プラスチックやセラミックの装置やホワイトワイヤーを使えば、かなり目立ちにくい装置にすることも可能です。
ポイント
周りの人に矯正をしてることが分かっても良い方なら、どんな方にもおすすめです。
裏側のワイヤー矯正

装置が目立つのが嫌な方や、職業上(芸能人、キャビンアテンダントなど)どうしても装置が見えてはいけない方は裏側矯正をおすすめします。
歯磨きは非常に難しく、丁寧に磨かないと歯肉が腫れてしまったり、虫歯になってしまったりしまうので注意が必要です。
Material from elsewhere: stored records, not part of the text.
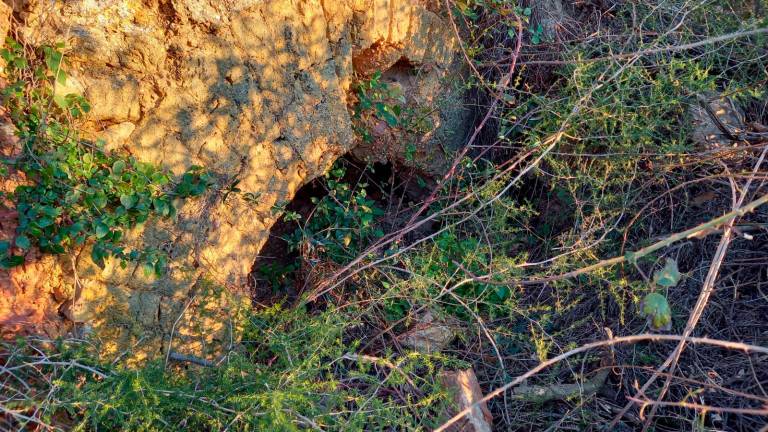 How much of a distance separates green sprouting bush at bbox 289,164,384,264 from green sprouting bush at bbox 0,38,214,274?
1.16 m

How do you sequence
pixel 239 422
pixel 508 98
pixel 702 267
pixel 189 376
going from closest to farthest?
pixel 239 422
pixel 189 376
pixel 702 267
pixel 508 98

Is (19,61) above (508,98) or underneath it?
above

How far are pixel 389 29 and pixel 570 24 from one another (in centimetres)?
139

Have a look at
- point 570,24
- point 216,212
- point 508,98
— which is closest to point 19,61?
point 216,212

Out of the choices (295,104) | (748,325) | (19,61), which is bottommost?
(748,325)

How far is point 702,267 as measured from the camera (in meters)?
3.59

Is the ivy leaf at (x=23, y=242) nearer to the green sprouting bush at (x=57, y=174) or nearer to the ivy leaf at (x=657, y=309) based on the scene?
the green sprouting bush at (x=57, y=174)

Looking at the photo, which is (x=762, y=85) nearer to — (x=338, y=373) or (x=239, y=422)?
(x=338, y=373)

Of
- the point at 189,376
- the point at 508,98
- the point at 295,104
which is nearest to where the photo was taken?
the point at 189,376

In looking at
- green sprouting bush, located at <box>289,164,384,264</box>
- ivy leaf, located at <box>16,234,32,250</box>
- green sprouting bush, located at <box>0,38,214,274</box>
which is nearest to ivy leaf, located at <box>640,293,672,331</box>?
green sprouting bush, located at <box>289,164,384,264</box>

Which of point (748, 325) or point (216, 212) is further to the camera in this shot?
point (748, 325)

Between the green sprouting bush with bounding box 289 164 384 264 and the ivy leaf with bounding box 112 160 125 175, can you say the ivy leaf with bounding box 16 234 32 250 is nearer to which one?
the ivy leaf with bounding box 112 160 125 175

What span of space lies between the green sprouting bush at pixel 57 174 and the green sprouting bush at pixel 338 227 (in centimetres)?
116

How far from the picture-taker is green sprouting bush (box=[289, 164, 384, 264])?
362cm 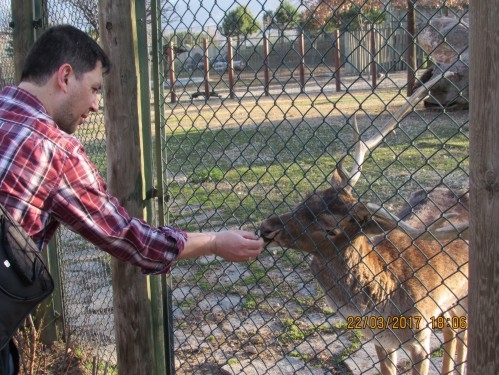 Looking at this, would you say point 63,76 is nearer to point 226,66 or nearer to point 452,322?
point 226,66

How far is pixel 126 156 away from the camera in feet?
10.00

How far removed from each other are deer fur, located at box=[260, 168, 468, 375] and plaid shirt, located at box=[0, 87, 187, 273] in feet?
4.04

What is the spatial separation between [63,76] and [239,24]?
3.03 ft

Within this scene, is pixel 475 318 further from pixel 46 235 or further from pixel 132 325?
pixel 132 325

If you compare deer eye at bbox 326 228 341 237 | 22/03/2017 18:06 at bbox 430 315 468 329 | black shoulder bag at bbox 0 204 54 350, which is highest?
black shoulder bag at bbox 0 204 54 350

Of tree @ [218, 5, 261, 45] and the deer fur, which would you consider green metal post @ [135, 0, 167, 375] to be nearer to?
tree @ [218, 5, 261, 45]

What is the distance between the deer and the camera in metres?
3.59

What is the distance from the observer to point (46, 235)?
242 centimetres

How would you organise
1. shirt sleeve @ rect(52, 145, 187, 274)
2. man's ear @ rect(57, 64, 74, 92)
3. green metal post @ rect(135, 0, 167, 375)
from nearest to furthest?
shirt sleeve @ rect(52, 145, 187, 274) < man's ear @ rect(57, 64, 74, 92) < green metal post @ rect(135, 0, 167, 375)

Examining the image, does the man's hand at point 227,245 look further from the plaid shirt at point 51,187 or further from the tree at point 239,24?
the tree at point 239,24

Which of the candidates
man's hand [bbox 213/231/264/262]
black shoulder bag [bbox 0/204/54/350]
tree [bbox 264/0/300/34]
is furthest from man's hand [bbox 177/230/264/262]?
tree [bbox 264/0/300/34]

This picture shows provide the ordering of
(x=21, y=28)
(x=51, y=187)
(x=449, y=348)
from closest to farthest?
(x=51, y=187)
(x=21, y=28)
(x=449, y=348)

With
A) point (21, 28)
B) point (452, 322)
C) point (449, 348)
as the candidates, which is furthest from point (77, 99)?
point (449, 348)

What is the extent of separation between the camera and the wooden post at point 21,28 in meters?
4.30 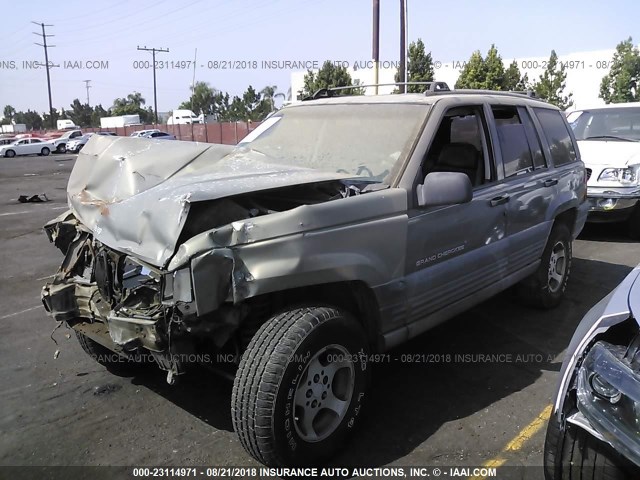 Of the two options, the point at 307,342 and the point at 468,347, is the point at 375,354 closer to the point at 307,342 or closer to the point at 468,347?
the point at 307,342

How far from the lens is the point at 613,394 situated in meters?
1.89

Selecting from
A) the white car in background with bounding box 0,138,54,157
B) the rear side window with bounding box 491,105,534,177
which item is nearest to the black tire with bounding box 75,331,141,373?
the rear side window with bounding box 491,105,534,177

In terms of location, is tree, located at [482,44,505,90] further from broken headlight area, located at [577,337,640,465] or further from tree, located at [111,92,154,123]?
tree, located at [111,92,154,123]

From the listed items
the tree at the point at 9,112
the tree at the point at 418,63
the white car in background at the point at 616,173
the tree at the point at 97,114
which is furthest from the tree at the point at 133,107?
the white car in background at the point at 616,173

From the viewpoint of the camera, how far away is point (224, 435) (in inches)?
123

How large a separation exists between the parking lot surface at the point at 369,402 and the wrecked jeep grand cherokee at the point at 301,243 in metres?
0.35

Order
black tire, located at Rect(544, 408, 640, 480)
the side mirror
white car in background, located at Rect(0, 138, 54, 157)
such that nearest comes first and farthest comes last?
black tire, located at Rect(544, 408, 640, 480) < the side mirror < white car in background, located at Rect(0, 138, 54, 157)

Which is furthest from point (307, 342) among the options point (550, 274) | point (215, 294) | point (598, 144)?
point (598, 144)

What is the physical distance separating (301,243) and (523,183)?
2485 millimetres

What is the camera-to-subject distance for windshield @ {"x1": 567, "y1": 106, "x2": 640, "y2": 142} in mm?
8656

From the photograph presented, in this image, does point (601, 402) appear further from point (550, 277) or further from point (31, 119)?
point (31, 119)

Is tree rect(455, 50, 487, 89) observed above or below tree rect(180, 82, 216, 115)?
below

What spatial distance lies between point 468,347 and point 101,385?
9.16 feet

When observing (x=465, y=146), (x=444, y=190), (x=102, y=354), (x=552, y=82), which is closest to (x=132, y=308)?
(x=102, y=354) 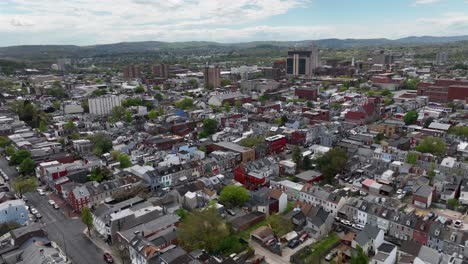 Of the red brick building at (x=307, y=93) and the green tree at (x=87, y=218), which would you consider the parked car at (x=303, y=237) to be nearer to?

また、裏側に装置がありますので舌がひっかかって、口内炎になりやすいです。
そのため、話す職業の方は慣れるまで大変かもしれません。
上の歯は裏側で、下の歯は表側で治療することも可能です。
ポイント
お仕事上、どうしても装置が見えてはいけない方や目立たない装置を希望して、マウスピース矯正は適用されない方におすすめです。
マウスピース矯正

大前提として、ご自身で厳しく管理ができる方にしかおすすめしません。
食事や飲み物(水以外)を取るときも毎回装置を外す必要があるため、1日に何度もコーヒーや紅茶を飲むことが習慣の方や味見が必要な料理人の方は避けた方が良いでしょう。
学生で運動系の部活動をしている場合も、スポーツドリンクなどを飲むときも外す必要があるためおすすめできません。
また、仕事上のお付き合いなどが多く、頻繁に飲みに行く方も1日20時間使えないことが多くなり、動きが遅くなる傾向があります。
装置は一度に発注してしまうため、「どうしても使えない!」となっても使って頂けないと返金などはできないことがほとんどです。
ポイント
〇〇のときは使えないという方にはおススメできません。
ご自身で管理できる方には、歯磨きもしやすく目立ちにくい装置です。